Good morning traders from a sunny and warm IntelliTrade desk, with Amsterdam around 25°C, a yellow heat warning in place, and a smooth coffee nearby as we step back from the noise and frame the week ahead.
Overall Market Sentiment:
Market mood is cautious and mixed. The dollar remains firm after a strong June run, but its momentum cooled late last week as inflation data came in broadly as expected and oil prices fell sharply from their conflict-driven highs.
The main tension is now between U.S. rate expectations and renewed oil headline risk. If labor data stay strong, the dollar can keep its yield advantage, but fresh stress around shipping routes would bring energy inflation, gold, CHF and JPY back into focus.
Weekly Thesis:
The dominant question this week is whether U.S. jobs data confirm the Fed-hike narrative while oil risk stays contained. The base case is a firm but less one-way dollar, with markets still rewarding U.S. yield advantage but becoming more selective after last week’s PCE release. House view: risks still lean toward USD resilience, but the next clean move depends on whether payrolls and wages reinforce inflation pressure or finally cool it.
Scenario Map:
- Base case, 55%: Payrolls are steady, wages remain firm, and oil holds near the low-$70s despite headline noise. USD stays supported, JPY remains vulnerable, and commodity FX struggles to recover quickly.
- Risk-on scenario, 25%: Jobs data soften without signaling a hard landing, oil stays contained, and yields ease. Equities stabilize, AUD and NZD improve, while USD and CHF lose some defensive demand.

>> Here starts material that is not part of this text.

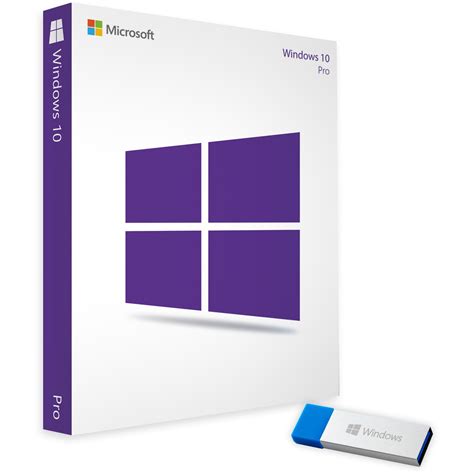 Microsoft Windows 10 Pro Retail USB 3 0 BOX 32 64 Bit Minden Nyelv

- Risk-off escalation scenario, 20%: Oil headlines worsen, shipping risk rises, or U.S. labor data revive aggressive Fed-hike pricing. USD, gold, CHF and JPY regain attention, while equities and higher-beta FX come under pressure.
What Changed Since Last Week:
Oil’s risk premium collapsed first, with Brent settling near $72 after more tanker movement through the Strait of Hormuz, but the weekend tanker incident has stopped markets from treating the route as fully safe. The dollar ended the week higher but off its peak after PCE inflation met expectations rather than delivering a fresh upside shock. Gold and silver bounced on Friday, but the broader weekly trend still showed pressure from USD strength and rate expectations.
Geopolitics:
Geopolitics is still central because the oil market is no longer only trading supply flows, it is trading confidence in the Strait of Hormuz. A tanker was struck over the weekend, while the U.S. and Iran exchanged accusations and military claims, creating the sharpest escalation since the interim peace framework.

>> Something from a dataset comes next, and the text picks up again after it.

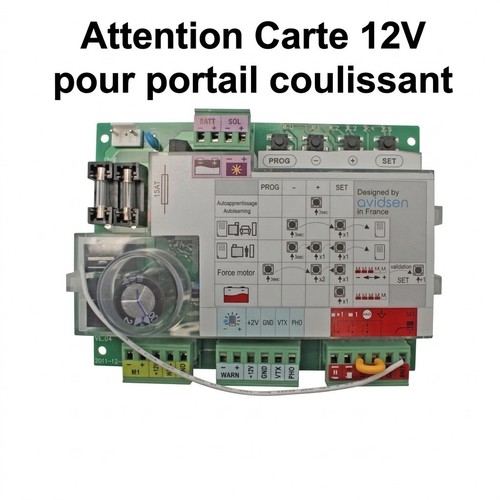 Carte pour motorisation - , de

The key market reference is Brent around $72 after Friday’s settlement, well below the earlier spike but still vulnerable to a quick risk-premium rebuild. That matters for inflation expectations, CAD, JPY, gold and safe-haven FX.

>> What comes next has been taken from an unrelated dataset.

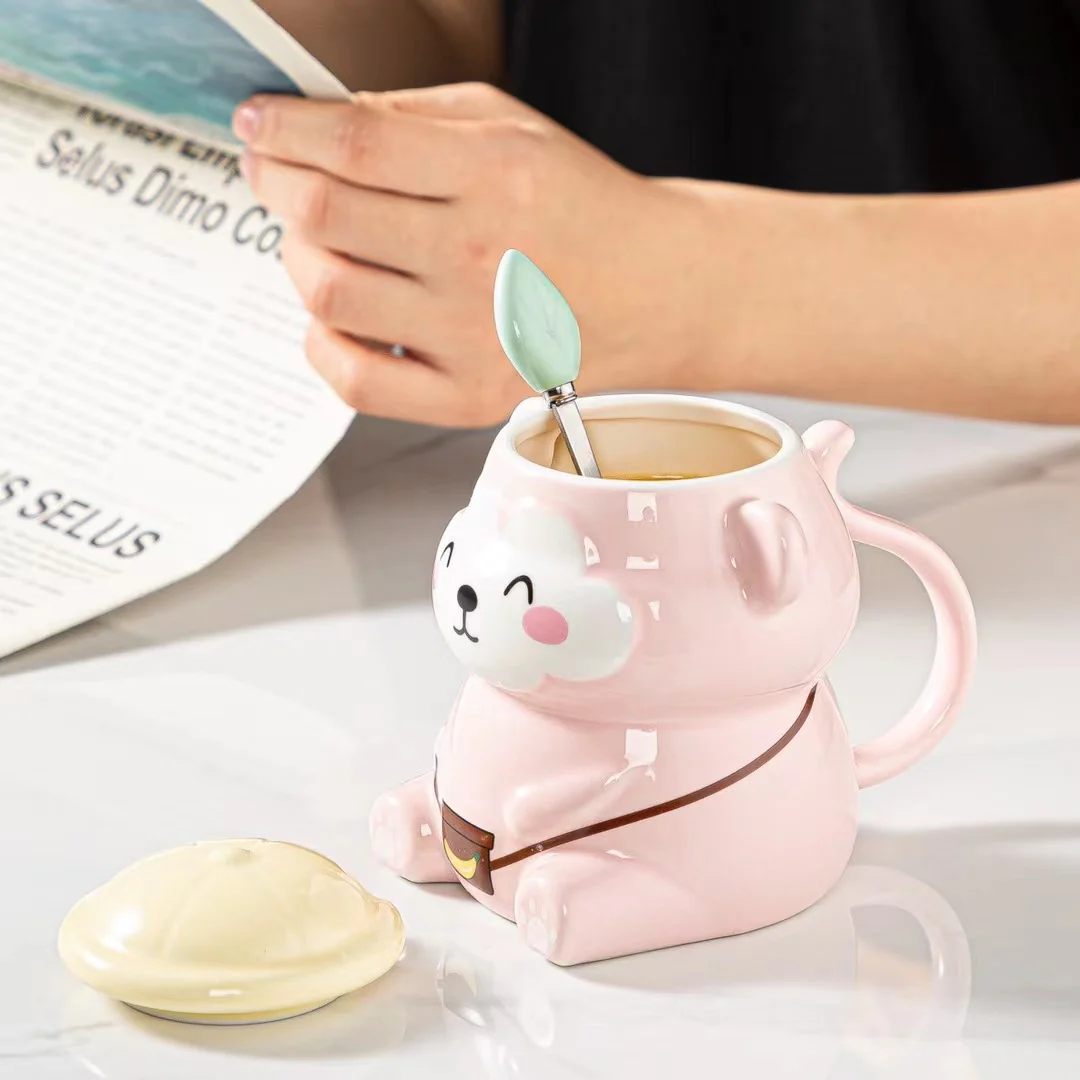 Cartoon Animal Mug - Image 4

Assumption: The base case assumes shipping disruption remains limited and the weekend escalation does not become a sustained closure risk.
Macro Calendar:
The week ahead
- Thursday’s U.S. jobs report is the main FX event because payrolls, wages and unemployment will decide whether markets keep pricing further Fed tightening into the second half of the year. The report is scheduled a day early because U.S. markets are closed for the July 4 holiday.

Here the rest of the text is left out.